*PROMPT*.
Retype exactly the stretch of lines that begins at the line containing "Sistem Gerak - Rangka" and ends at the last line of the data, with no other lines.

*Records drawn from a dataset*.

- - - -

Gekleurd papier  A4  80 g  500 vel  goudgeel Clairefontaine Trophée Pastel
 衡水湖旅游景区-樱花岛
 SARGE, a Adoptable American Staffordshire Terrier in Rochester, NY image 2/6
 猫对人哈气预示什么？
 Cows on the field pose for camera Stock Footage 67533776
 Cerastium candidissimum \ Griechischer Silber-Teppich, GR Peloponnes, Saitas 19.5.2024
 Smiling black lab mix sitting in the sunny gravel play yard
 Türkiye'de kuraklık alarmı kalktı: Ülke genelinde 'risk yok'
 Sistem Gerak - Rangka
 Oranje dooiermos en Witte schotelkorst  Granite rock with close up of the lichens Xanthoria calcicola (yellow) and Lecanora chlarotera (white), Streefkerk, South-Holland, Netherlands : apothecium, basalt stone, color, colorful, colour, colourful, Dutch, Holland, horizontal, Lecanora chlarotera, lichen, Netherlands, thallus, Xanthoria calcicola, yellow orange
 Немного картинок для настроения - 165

- - - -

*YOUR RESPONSE*.
 Sistem Gerak - Rangka
 Oranje dooiermos en Witte schotelkorst  Granite rock with close up of the lichens Xanthoria calcicola (yellow) and Lecanora chlarotera (white), Streefkerk, South-Holland, Netherlands : apothecium, basalt stone, color, colorful, colour, colourful, Dutch, Holland, horizontal, Lecanora chlarotera, lichen, Netherlands, thallus, Xanthoria calcicola, yellow orange
 Немного картинок для настроения - 165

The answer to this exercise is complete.